On 21 May 2019, Vasquez became one of the first females in the history of the United State Army to become a 19D Cavalry Scout Drill Sergeant when she graduated from the 19D military occupational specialty transition course class 001-19 at 1st Armor Training Battalion 154th Regiment, Camp Shelby, Mississippi.
About the transition course she says, “The first 4 days were brutal. We were introduced to over 70 tanks and helicopters that eventually we would be tested on. The second day we had a physical demands test that consisted of different activities that will challenge us as Bradley crewmen. On the third day we had a 12 mile ruck march.”
Vasquez remembers vividly why she originally joined the Army. “I remember watching a commercial when I was in 6th grade of some female Soldiers rappelling down from a helicopter. I always thought that was so cool. I told myself ‘I can do that’”.

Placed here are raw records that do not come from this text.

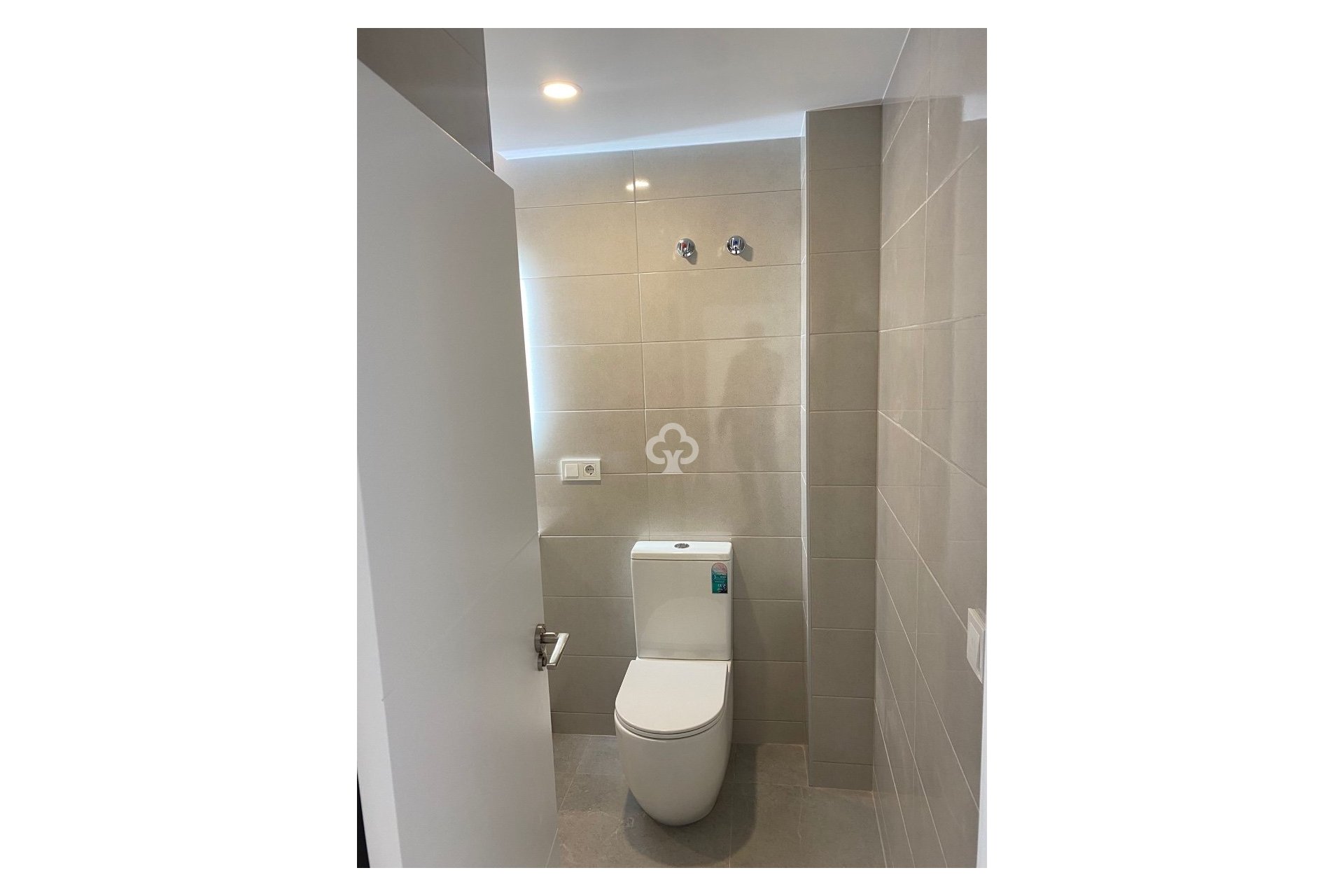 Jälleenmyynti - Kattohuoneisto -
Torrevieja - 03182, Calle Gumersindo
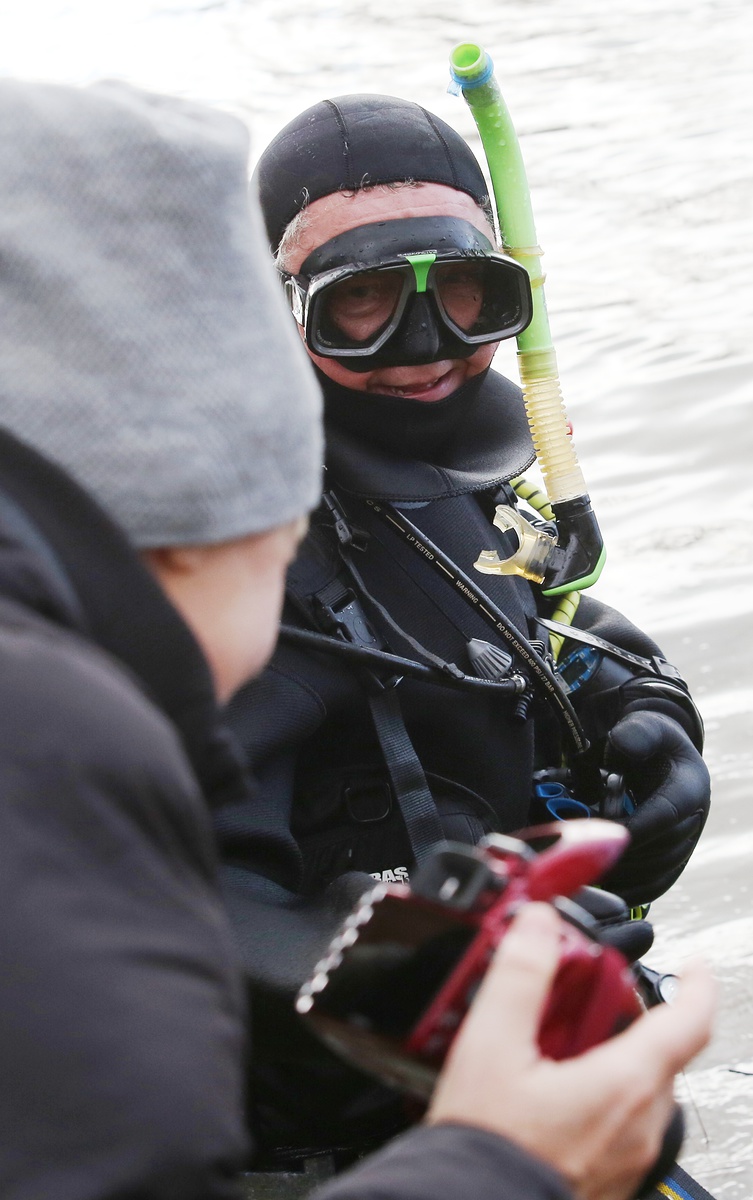 FOTO: Potápěči zamkli hladinu jezera - Ústecký deník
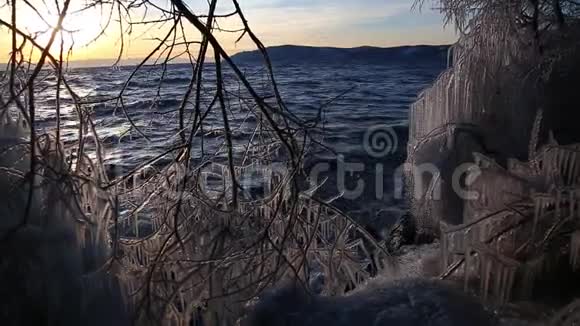 贝加尔湖日落时有冰柱视频的预览图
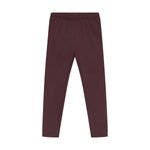 Bequeme Sweat Leggings in Lila von Minymo – perfekt für Alltag und Freizeit. Die weiche Mischung aus 95% Baumwolle und 5% Elastane bietet optimalen Tragekomfort und Bewegungsfreiheit. Ideal für Kinder, die Wert auf Qualität und Style legen.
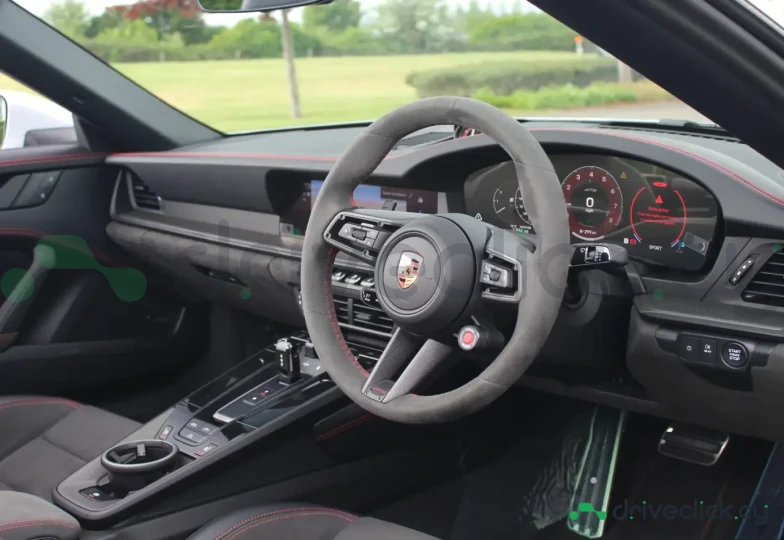 Porsche 911 Белый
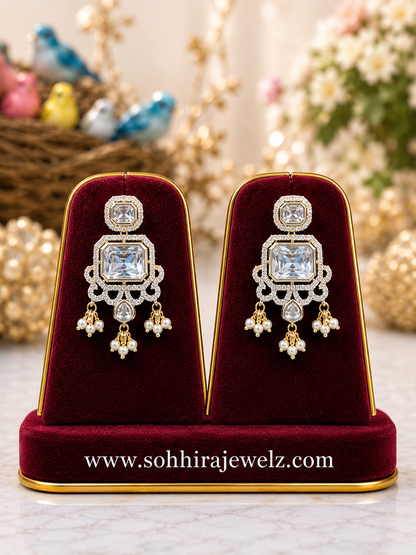 The Ivory Crown Pendant Set
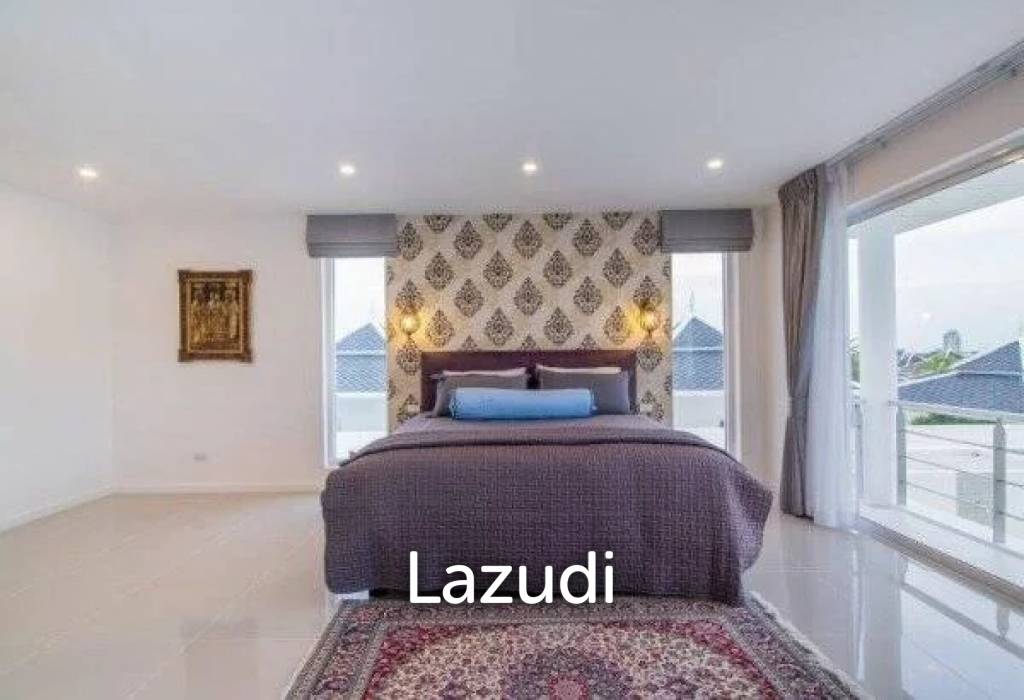 Best Quality & Luxury 2-Storey Pool Villa 4BR Near Town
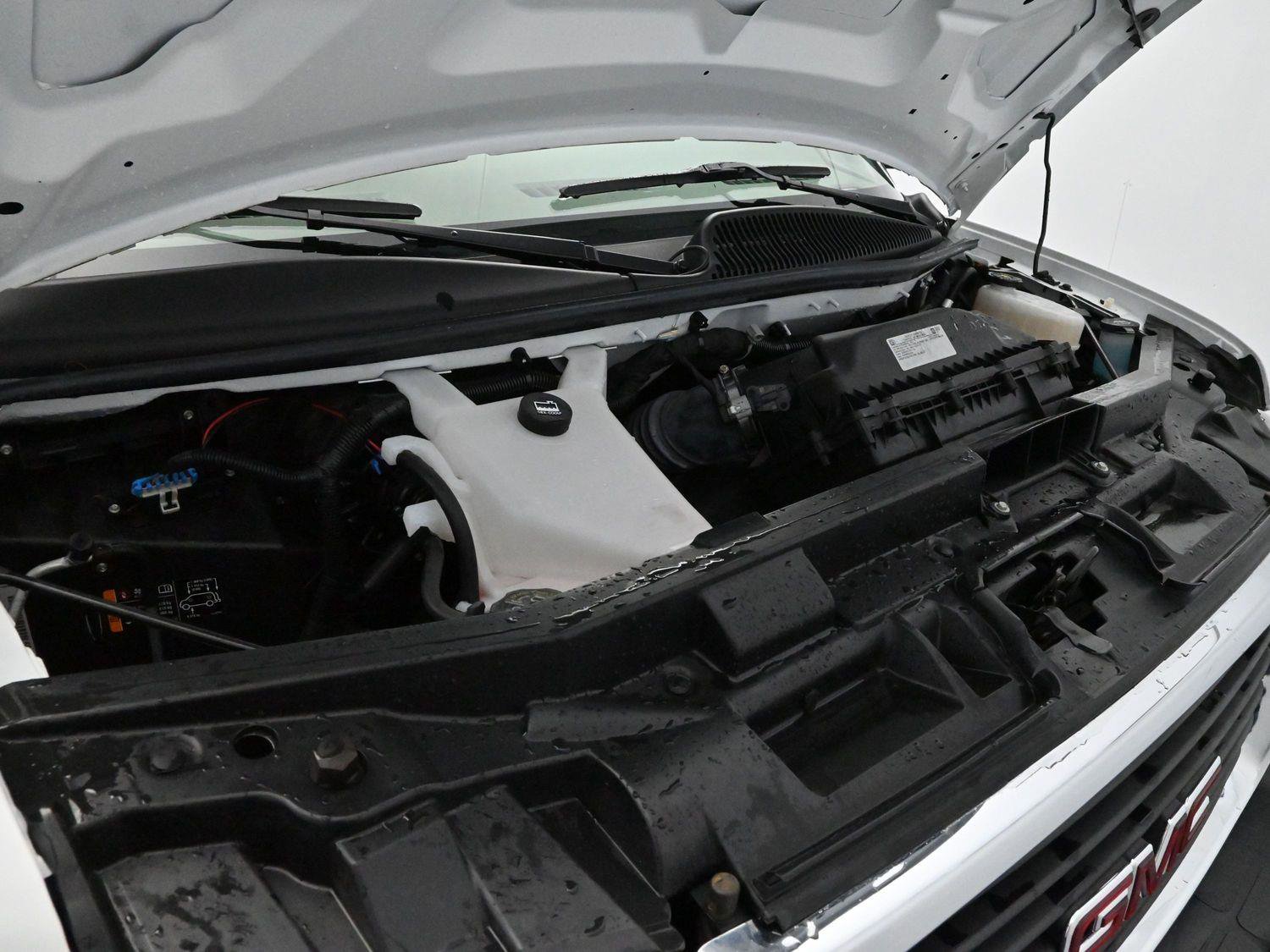 Used 2024 GMC Savana 2500 w/ Driver Convenience Package image 28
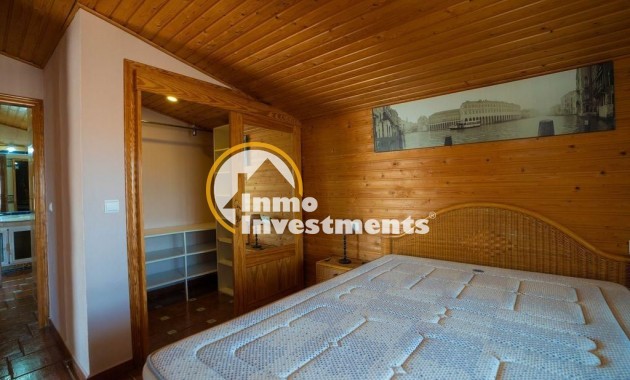 Bestaande bouw - Villa - Orihuela Costa - Los Almendros-La Florida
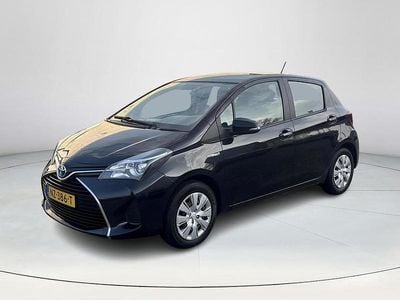 Zwart Occasion 2015 Toyota Yaris Hybrid Comfort Hatchback | € 11.900 (Eerlijke prijs)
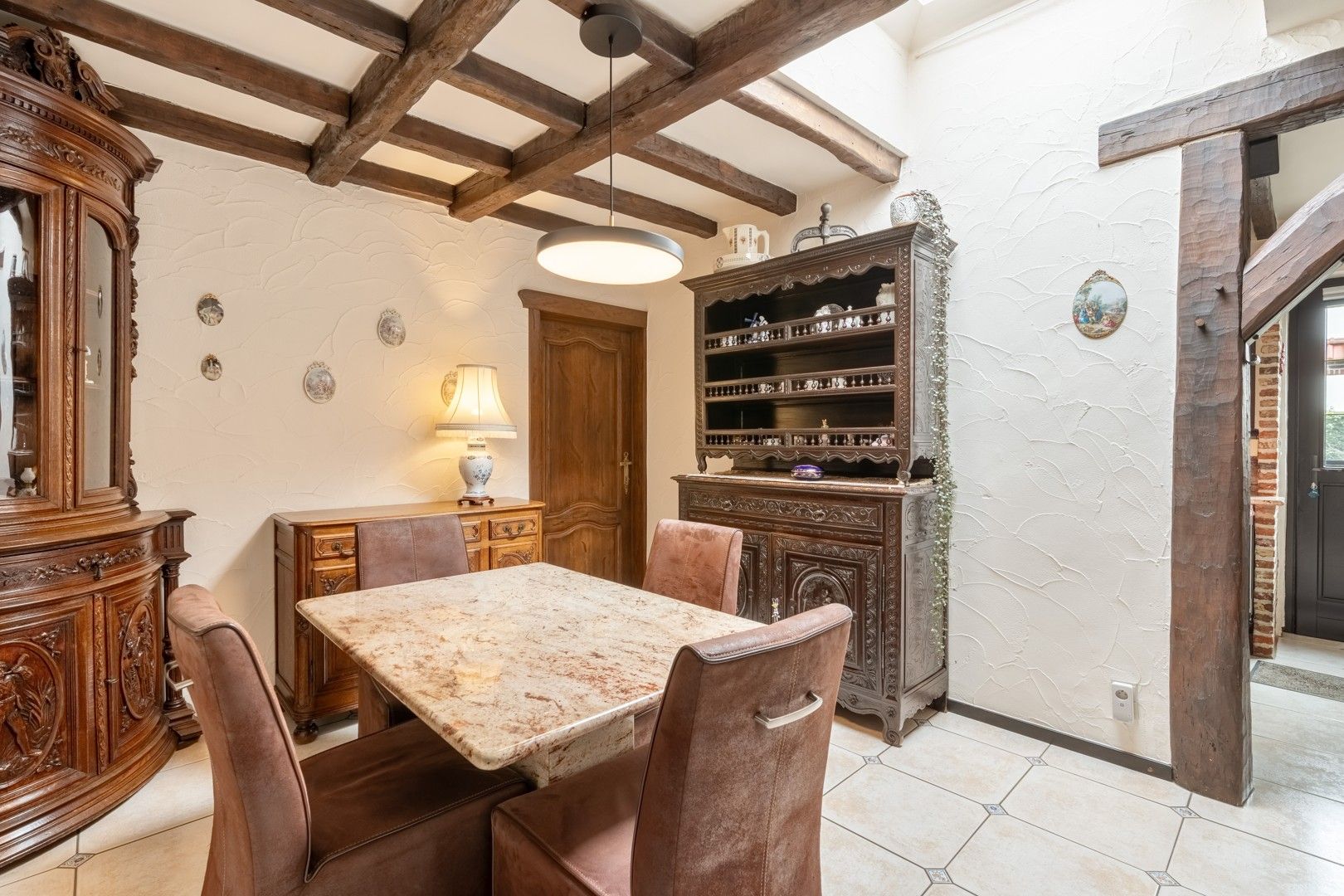 Karaktervolle bungalow met 2 slaapkamers in een rustige straat te Bunsbeek foto 16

She continued, “my role models have been bad and good leaders throughout my career. The bad ones, well I don’t ever want my Soldiers to feel or go through those horrible experiences like I did; so I know what patterns and behaviors to avoid. With the good leaders I’ve had, they’ve been tough on me, but they taught me so much along the way. They pushed me to do better and at times I hated it, however, the end result was awesome.”
Vasquez will join with her peers this summer to forge the next generation of 19D Cav Scout Soldiers at Basic Combat Training, One Station Unit Training (BCT OSUT) at Fort Benning, Georgia.
While in Alpha Troop 2/415th, 1st Brigade, 98th Division, Vasquez has often taken the lead within her unit and set high standards of excellence for her peers to emulate.
From here she has her eye on her unit’s Best Warrior Competition, NCO/Drill Sergeant of the year, Iroquois challenge, and Ranger school.
Whether influenced by leaders of their own or intrinsically motivated from an early age, these Drill Sergeants are poised to leave a legacy of their own as they train and mentor recruits into Soldiers in the coming years. The opportunity to provide their own brand of committed leadership is spread before them and it is now up to them to make the positive impact on young Soldiers they themselves were inspired by.